# Greetings from Iraq!!



## cemab4y (Jul 22, 2009)

I am new to the forum. But I am hardly a new mason. I am a civilian Engineer, working in Iraq. I have been working in Iraq and Afghanistan since 2004.

If you are interested in keeping up with the progress of Masonry in Iraq, see my blog:

Charles Martin's Blog. Iraq, Afghanistan and Freemasonry

My membership is with Bowling Green Lodge #73, grand Lodge of Kentucky F&AM. I also belong to Alexandria (VA) Scottish Rite bodies. I am demitted from the Shrine, but I will return to the Shrine, when I finish working here in the Hot Sands.


----------



## TCShelton (Jul 22, 2009)

Welcome aboard.


----------



## Blake Bowden (Jul 22, 2009)

Welcome Brother Charles! It's a pleasure to have you on the forums.


----------



## RJS (Jul 22, 2009)

Welcome!


----------



## rhitland (Jul 22, 2009)

good 2 have u


----------



## Sirius (Jul 22, 2009)

Welcome Fellow Traveler.


----------



## Bro. Kurt P.M. (Jul 22, 2009)

Welcome to the Forums


----------



## Dana (Jul 22, 2009)

Welcome and WOW !!!! I might add.  Iraq.  that is pretty Impressive... stay safe.


----------



## scottmh59 (Jul 22, 2009)

welcome to the forum


----------



## JTM (Jul 22, 2009)

sweet.  i've been trying to get one of those jobs forever.


----------



## cemab4y (Jul 24, 2009)

There are many jobs in Iraq/Afghanistan, for all kinds of skills. I have worked in Iraq/Af. since Feb 2004. I have had four contracts in Af. and this is my third contract in Iraq. If you wish to work over here, where it is 140 degrees in the shade, and there is no shade, I will be more than glad to assist you.

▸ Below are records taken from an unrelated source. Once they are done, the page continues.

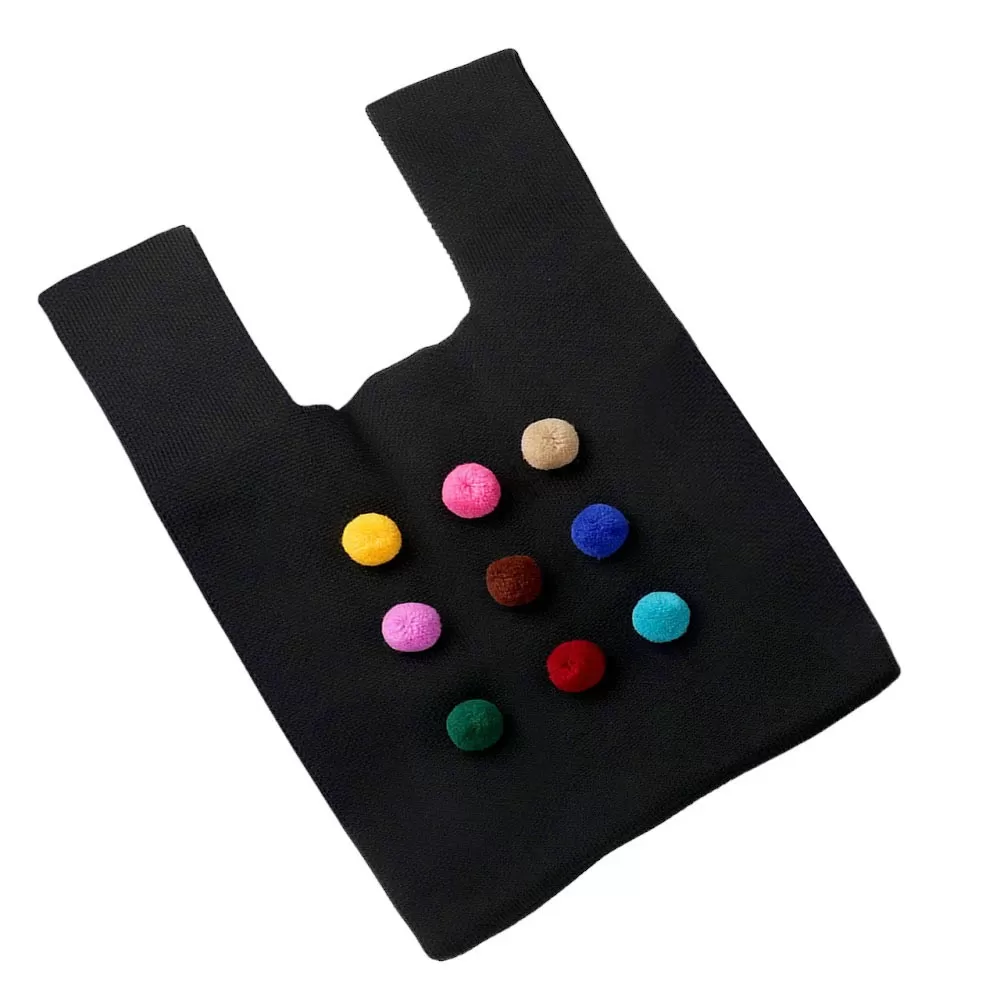 Pom Pom Embellished Knit Tote Bag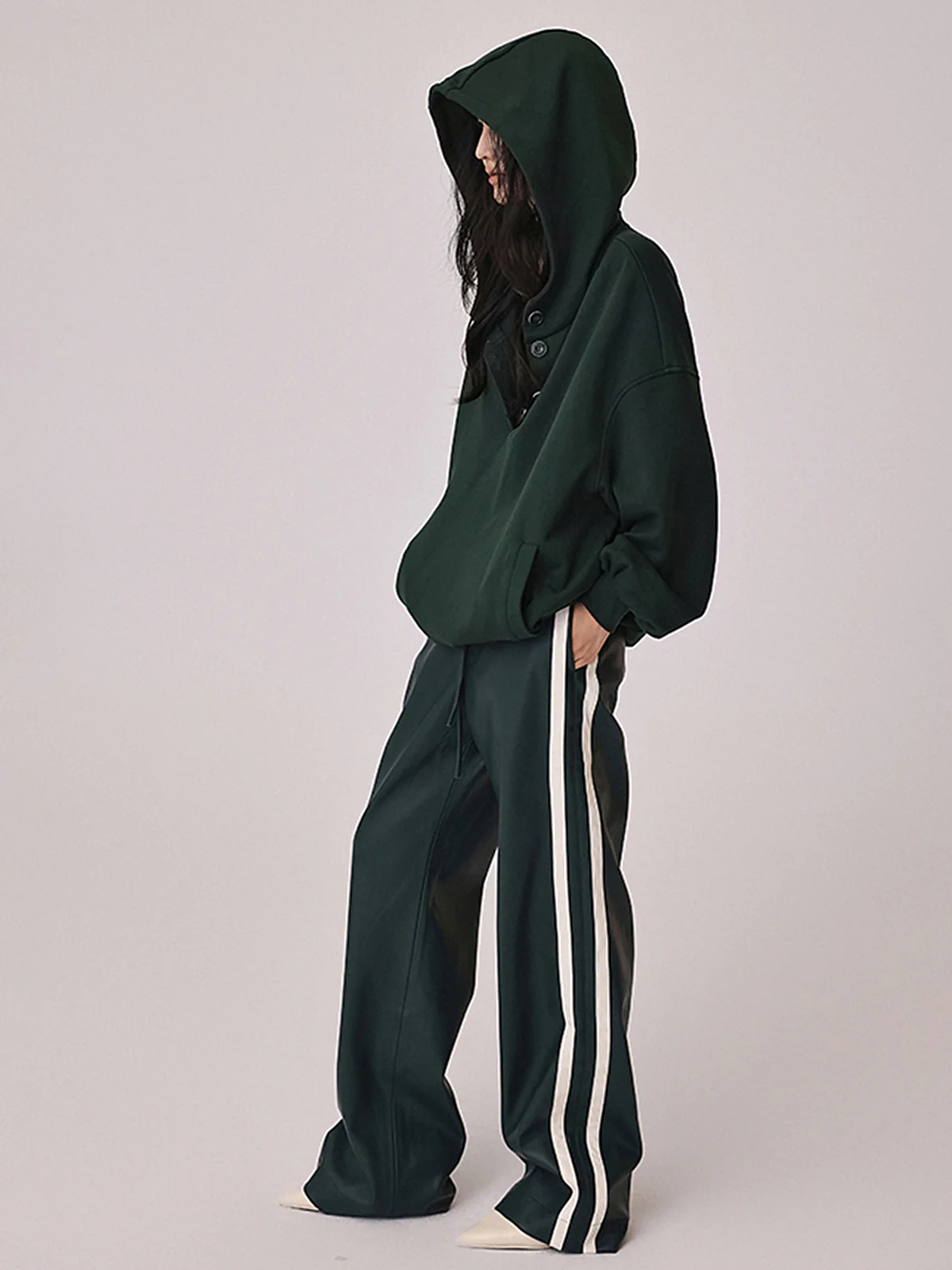 Striped High-Waisted PU Leather Drawstring Pants - Wholesalesil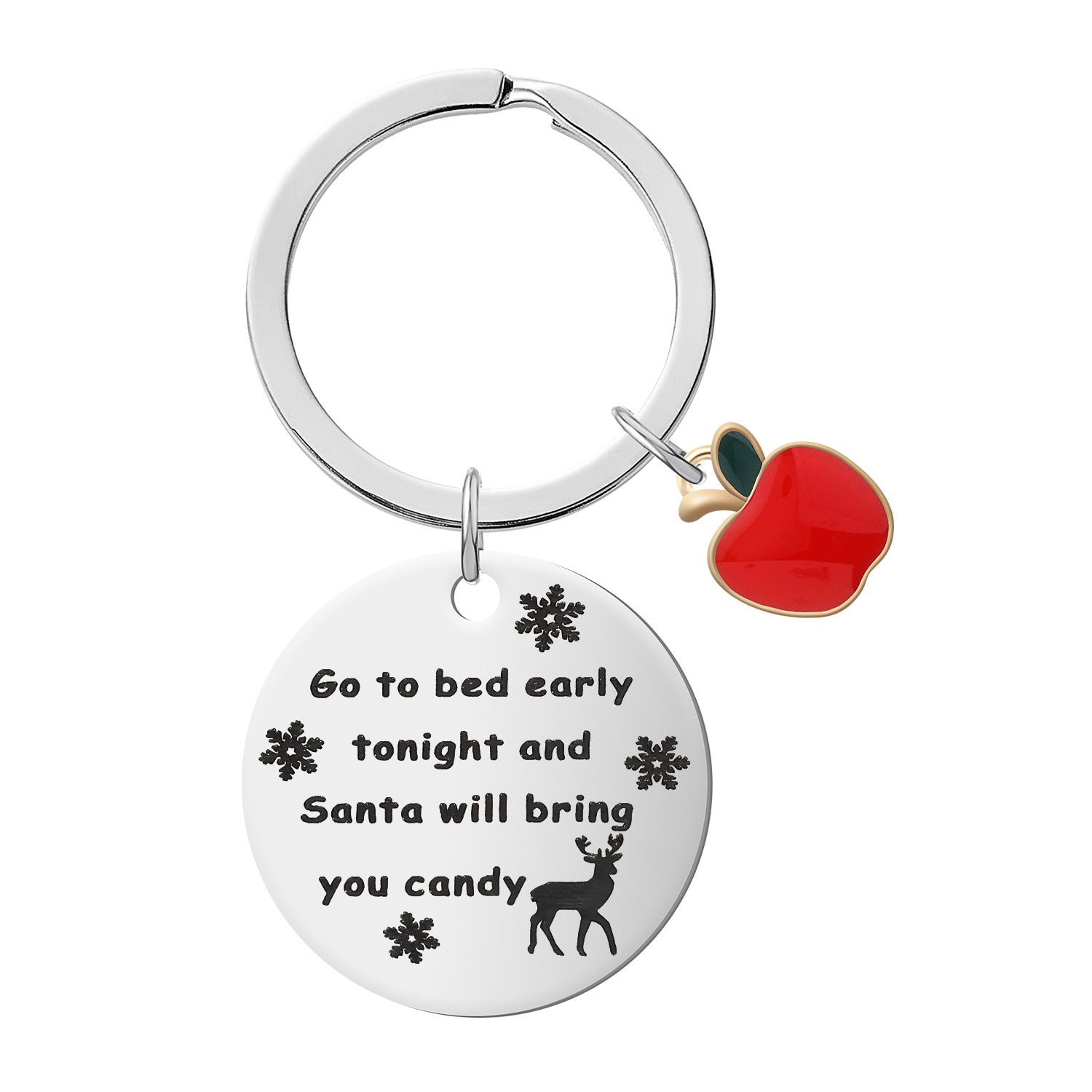 Wholesale Apple Christmas Stainless Steel Keychain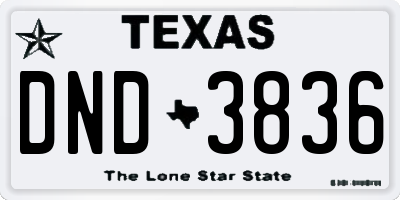 TX license plate DND3836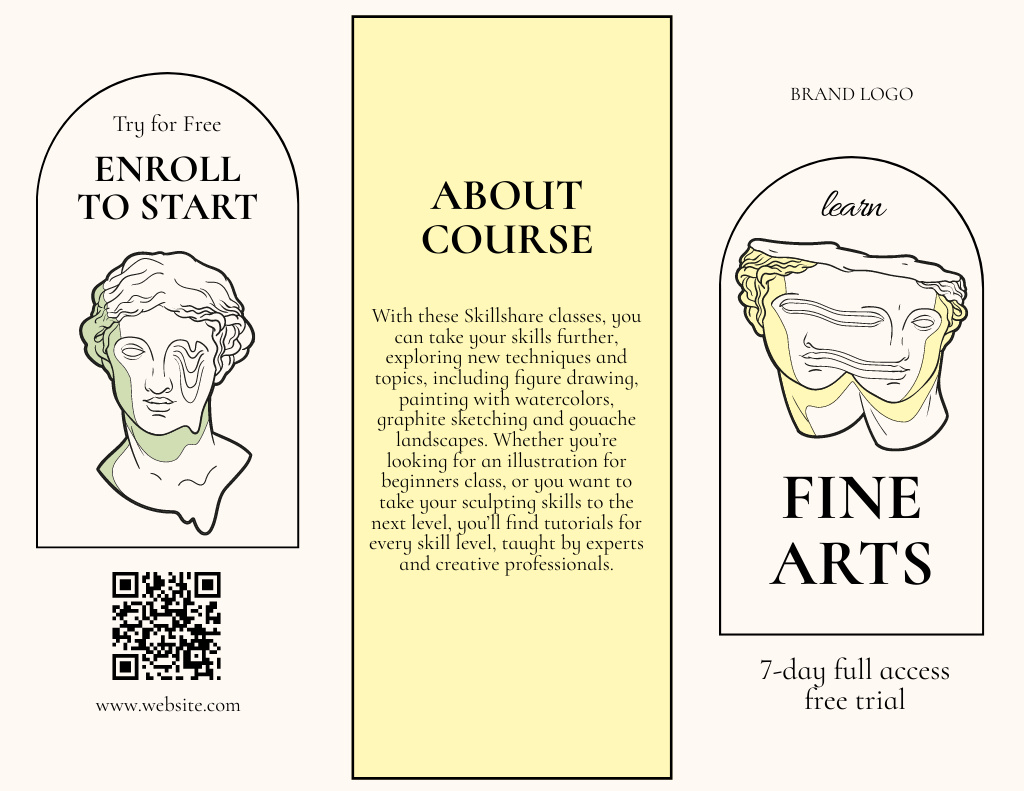 Contemporary Art Course Offer Brochure 8.5x11in – шаблон для дизайна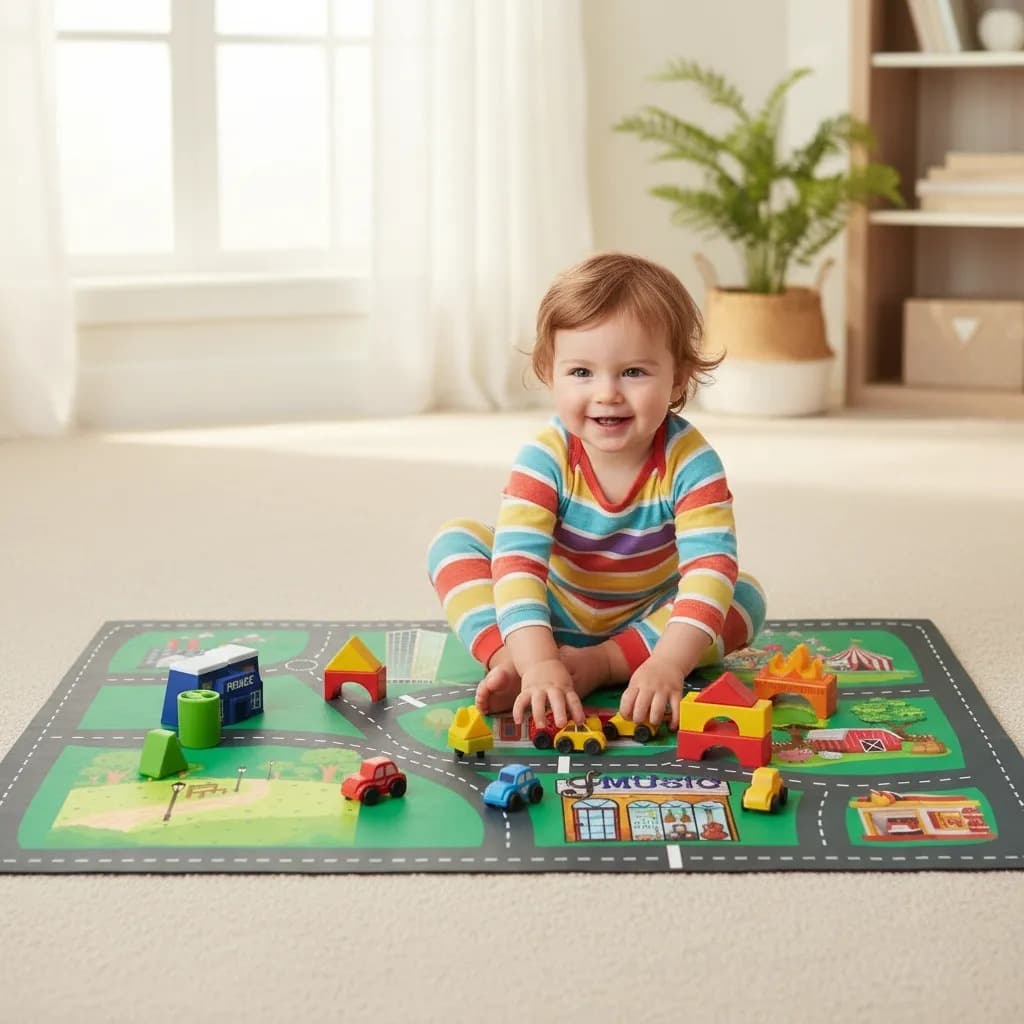 Tapete de Atividades Infantil Cidade Corrida Casas Carrinho 150x100cm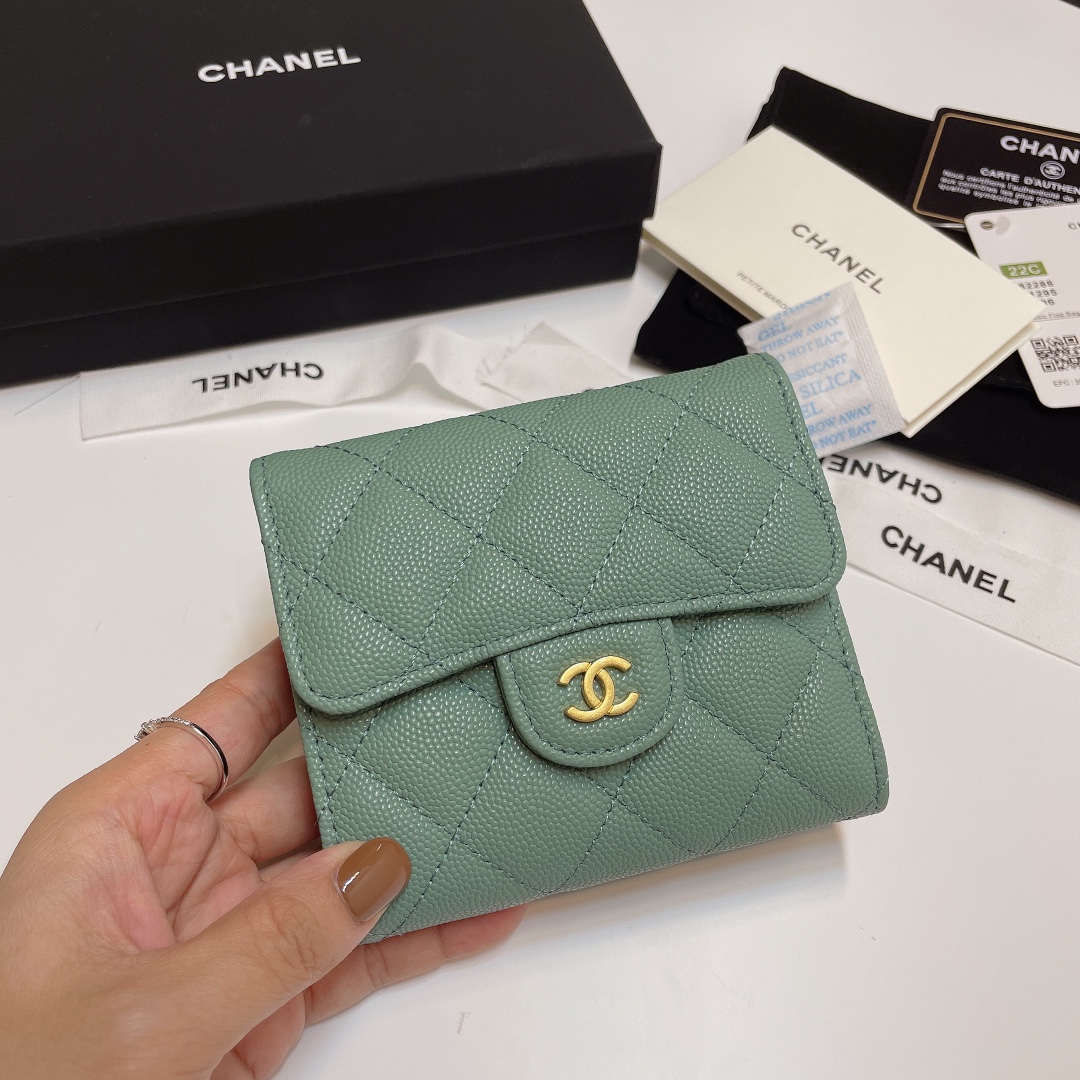 [TOP] CHANEL Lozenge Three Fold Wallet 11*10cm - 11 Colour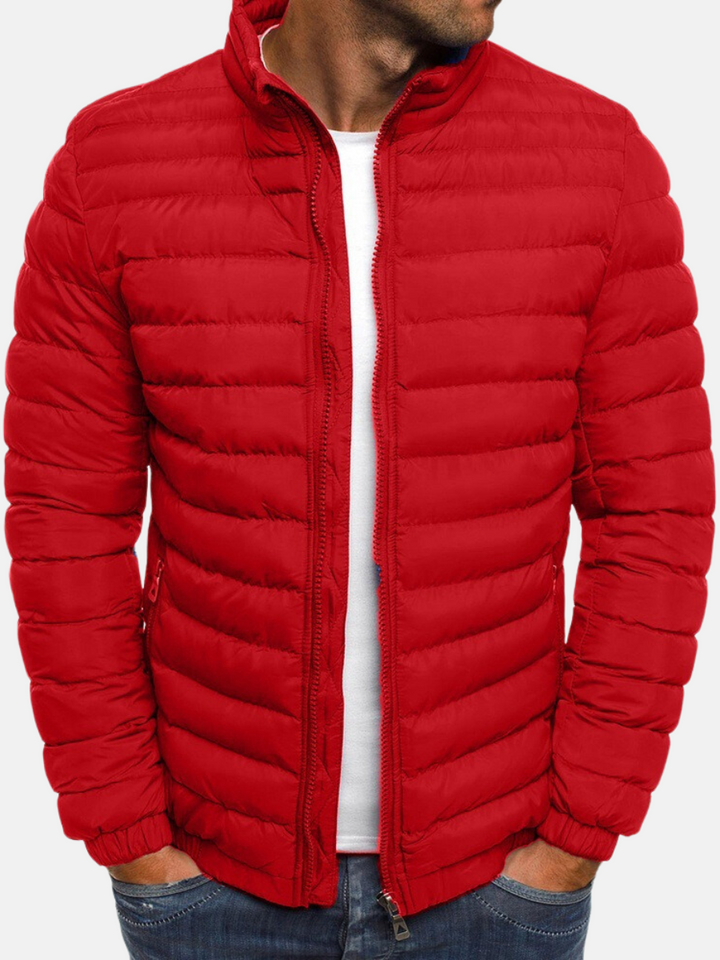 Men’s Quilted Jacket - Slim Fit - Lightweight Padded - High Collar Casual Outerwear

Send me an email at  cemab4y@hotmail.com and I will give you a brotherly assist.

Biggest need now is for telecommunications engineers. A Secret security clearance is required, but if a firm wants you, they will get it for you.

Welders, drivers, supply specialists, etc. all are needed.


----------



## TCShelton (Jul 24, 2009)

Lol, you guys have fun with that.  There will be no more trips over there for me.  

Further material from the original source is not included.